- Born: July 9, 1860 Germany
- Died: November 1, 1921 (aged 61) Thomasville, North Carolina, U.S.
- Resting place: West Laurel Hill Cemetery, Bala Cynwyd, Pennsylvania, U.S.
- Occupations: Confectioner, chewing gum manufacturer

= Frank H. Fleer =

American confectioner (1860–1921)

Frank Henry Fleer (July 9, 1860 - November 1, 1921) was a German-born American confectioner and businessman who, along with his brother Robert, co-founded the Fleer Corporation in 1885 and co-invented Chiclets candy covered chewing gum. He patented the first bubble gum, Blibber-Blubber in 1906, but it was never sold in market as it was too sticky and brittle. After his death, his formulation of bubble gum was modified by Walter Diemer and became the successful Dubble Bubble brand.

==Early life==
Fleer was born in Germany and emigrated to the United States in the 1880s.

==Career==
Frank and his brother Robert founded the Fleer Corporation in 1885 and invented one of their early successes, Chiclets, candy coated chewing gum. They sold their invention to the American Chicle Company in 1914.

In 1906, Fleer patented an original formulation of bubble gum, called Blibber-Blubber, but it never reached the market as it was too sticky and brittle. Fleer registered trademarks for several other brands of gum including Blimp, Fruit Hearts, Vi-lets, and Whiz Bangs, although all turned out to be failures.
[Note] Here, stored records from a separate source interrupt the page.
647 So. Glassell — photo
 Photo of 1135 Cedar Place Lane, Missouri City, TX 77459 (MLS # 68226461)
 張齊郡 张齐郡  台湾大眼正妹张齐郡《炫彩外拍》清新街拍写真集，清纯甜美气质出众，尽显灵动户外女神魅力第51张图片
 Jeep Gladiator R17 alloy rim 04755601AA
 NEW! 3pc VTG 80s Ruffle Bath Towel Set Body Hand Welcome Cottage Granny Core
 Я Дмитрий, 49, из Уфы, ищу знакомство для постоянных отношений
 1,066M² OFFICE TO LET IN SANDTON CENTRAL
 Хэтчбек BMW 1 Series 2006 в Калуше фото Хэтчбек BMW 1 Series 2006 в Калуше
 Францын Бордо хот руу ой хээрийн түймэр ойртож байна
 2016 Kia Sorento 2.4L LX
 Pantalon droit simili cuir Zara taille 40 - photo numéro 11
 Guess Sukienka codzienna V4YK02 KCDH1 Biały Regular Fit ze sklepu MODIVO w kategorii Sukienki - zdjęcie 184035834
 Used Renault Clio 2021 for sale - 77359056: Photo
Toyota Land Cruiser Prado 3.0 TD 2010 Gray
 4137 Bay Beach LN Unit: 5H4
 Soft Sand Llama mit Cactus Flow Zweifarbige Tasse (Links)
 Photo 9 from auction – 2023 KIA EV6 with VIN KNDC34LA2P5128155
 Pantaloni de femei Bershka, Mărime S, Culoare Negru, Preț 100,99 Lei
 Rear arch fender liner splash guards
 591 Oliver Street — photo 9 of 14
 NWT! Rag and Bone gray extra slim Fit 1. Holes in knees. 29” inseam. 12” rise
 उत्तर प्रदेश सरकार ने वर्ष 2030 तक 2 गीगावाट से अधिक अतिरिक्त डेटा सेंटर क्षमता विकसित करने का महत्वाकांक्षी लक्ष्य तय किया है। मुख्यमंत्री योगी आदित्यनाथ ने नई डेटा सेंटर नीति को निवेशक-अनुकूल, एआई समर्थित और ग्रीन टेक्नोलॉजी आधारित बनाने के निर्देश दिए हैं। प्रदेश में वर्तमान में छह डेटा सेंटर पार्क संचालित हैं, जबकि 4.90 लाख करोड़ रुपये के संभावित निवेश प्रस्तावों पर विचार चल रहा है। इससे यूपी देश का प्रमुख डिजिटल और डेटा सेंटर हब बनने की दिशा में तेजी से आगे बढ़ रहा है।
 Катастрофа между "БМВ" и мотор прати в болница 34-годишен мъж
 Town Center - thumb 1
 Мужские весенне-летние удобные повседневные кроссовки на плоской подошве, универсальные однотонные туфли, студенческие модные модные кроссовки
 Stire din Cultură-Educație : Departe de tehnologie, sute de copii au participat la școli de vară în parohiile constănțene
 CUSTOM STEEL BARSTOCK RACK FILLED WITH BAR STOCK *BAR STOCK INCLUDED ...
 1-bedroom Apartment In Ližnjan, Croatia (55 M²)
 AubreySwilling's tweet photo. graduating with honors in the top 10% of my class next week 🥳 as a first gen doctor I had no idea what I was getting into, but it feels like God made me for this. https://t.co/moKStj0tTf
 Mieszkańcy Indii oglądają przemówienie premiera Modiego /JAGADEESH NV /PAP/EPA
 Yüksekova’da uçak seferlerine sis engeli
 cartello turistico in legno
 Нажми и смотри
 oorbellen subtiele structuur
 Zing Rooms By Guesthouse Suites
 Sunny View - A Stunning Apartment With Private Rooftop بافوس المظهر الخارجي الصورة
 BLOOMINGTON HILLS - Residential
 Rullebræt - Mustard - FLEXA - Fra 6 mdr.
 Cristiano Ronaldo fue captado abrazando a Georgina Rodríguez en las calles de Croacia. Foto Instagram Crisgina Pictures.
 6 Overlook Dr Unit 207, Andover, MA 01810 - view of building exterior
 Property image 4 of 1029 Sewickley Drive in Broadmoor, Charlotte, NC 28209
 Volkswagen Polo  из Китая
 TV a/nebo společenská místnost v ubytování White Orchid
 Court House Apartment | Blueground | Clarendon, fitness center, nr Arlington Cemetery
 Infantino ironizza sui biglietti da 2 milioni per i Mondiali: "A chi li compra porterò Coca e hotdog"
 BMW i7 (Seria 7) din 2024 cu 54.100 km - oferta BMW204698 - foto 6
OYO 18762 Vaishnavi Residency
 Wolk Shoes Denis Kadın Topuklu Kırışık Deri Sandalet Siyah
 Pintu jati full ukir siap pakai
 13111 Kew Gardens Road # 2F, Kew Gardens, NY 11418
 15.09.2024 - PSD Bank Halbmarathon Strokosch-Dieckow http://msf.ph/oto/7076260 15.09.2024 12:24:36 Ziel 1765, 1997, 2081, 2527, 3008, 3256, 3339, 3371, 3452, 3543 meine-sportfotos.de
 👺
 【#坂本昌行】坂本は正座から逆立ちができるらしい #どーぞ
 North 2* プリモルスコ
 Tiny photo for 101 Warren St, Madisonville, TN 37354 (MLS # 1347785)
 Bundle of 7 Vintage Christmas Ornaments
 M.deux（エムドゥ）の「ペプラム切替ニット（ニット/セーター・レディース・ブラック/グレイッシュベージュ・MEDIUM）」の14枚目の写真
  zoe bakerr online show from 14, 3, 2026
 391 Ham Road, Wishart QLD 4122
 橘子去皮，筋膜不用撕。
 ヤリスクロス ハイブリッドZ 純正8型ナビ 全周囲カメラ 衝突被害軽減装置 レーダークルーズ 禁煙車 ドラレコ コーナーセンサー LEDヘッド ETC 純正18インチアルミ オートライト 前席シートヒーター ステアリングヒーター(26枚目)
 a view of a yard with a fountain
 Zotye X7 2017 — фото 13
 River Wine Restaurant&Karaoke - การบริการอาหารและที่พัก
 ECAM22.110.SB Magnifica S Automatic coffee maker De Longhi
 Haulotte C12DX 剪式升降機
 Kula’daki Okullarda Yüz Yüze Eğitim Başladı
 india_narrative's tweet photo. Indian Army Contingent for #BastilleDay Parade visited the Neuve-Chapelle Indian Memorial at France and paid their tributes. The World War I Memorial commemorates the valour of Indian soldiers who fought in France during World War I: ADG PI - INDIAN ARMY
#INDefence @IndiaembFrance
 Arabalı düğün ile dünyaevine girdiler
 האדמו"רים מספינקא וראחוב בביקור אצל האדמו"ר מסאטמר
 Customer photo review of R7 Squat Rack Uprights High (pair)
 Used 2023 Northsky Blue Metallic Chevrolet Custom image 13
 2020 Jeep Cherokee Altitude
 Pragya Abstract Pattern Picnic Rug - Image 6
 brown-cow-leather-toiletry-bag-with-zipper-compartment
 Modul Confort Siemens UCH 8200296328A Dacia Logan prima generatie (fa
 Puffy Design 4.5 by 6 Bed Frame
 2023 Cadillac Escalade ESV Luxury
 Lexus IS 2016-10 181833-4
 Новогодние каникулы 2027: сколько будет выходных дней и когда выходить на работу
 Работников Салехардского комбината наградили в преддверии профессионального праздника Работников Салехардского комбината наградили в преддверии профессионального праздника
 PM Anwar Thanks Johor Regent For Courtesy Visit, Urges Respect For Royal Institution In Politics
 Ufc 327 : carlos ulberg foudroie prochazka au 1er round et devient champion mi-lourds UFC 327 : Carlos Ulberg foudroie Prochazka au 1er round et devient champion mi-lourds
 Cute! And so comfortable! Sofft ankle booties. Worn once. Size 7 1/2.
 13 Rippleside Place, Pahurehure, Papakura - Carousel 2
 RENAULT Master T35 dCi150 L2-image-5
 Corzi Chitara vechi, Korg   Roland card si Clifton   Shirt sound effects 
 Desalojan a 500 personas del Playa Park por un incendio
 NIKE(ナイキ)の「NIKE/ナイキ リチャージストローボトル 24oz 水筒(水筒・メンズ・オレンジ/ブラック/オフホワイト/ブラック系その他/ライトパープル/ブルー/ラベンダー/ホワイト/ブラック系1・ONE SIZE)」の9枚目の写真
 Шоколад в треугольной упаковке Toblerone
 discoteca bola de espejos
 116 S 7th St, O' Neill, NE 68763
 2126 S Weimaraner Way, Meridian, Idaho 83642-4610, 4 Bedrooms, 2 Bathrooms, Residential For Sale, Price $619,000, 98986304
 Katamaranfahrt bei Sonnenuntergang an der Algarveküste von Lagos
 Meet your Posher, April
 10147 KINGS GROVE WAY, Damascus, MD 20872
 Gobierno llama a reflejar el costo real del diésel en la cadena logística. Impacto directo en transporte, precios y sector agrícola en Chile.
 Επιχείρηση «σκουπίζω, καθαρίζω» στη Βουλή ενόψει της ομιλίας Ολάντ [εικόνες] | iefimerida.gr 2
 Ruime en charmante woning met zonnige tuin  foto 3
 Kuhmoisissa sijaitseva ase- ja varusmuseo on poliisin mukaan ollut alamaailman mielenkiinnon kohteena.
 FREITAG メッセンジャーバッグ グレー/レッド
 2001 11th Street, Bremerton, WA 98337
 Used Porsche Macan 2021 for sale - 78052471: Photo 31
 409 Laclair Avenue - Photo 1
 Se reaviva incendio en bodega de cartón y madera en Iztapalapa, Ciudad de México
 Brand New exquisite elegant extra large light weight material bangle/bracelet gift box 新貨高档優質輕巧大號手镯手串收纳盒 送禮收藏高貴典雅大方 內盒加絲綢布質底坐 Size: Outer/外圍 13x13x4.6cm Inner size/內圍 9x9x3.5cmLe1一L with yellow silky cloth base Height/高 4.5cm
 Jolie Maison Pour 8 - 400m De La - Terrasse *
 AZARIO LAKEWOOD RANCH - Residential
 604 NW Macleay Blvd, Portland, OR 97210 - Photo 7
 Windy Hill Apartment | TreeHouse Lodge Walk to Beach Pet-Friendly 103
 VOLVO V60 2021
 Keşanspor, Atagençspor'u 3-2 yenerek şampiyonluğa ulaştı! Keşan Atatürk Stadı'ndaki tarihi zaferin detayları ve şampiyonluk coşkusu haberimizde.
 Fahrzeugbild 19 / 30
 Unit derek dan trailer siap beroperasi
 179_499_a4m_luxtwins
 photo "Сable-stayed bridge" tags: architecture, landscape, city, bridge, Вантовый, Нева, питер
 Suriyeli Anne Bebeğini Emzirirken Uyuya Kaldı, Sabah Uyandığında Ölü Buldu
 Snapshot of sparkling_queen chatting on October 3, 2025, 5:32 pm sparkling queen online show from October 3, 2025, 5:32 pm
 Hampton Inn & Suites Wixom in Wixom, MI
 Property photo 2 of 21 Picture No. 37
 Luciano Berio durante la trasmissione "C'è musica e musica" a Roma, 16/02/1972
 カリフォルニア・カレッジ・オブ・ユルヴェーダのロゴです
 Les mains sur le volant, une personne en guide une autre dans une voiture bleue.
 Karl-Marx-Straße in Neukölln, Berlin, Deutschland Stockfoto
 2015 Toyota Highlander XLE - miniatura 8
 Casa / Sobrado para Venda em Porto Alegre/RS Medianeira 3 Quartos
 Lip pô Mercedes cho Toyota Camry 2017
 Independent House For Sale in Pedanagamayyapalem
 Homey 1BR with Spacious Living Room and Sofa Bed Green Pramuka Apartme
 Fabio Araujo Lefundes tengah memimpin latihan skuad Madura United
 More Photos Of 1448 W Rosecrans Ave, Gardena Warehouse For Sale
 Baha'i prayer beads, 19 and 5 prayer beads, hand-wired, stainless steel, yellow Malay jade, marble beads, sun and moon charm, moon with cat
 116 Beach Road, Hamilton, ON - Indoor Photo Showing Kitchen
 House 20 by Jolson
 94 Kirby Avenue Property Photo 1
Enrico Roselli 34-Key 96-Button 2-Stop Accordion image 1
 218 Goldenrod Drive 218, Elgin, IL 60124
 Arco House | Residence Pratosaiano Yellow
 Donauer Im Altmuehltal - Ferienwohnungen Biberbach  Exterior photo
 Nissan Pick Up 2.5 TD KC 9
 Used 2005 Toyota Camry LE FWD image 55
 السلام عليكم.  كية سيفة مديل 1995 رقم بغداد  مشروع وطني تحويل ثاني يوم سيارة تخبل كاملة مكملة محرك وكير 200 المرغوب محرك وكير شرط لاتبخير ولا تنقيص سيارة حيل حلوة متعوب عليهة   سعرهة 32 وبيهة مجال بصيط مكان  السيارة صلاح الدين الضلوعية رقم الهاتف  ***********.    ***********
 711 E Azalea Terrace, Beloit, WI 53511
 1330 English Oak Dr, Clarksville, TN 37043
Fleer died on October 31, 1921, of a stroke at his country estate in Thomasville, North Carolina. He was interred at West Laurel Hill Cemetery in Bala Cynwyd, Pennsylvania.

In 1928, Walter Diemer, an accountant in Fleer's company, refined the formulation of Blibber-Blubber and it was marketed by Fleer's company as Dubble Bubble.

Fleer's company also went on to be innovators in the baseball card business, adding trading cards in 1923.

==Personal life==
Fleer was married twice. His second wife was Willie Jenkins. He was survived by two daughters.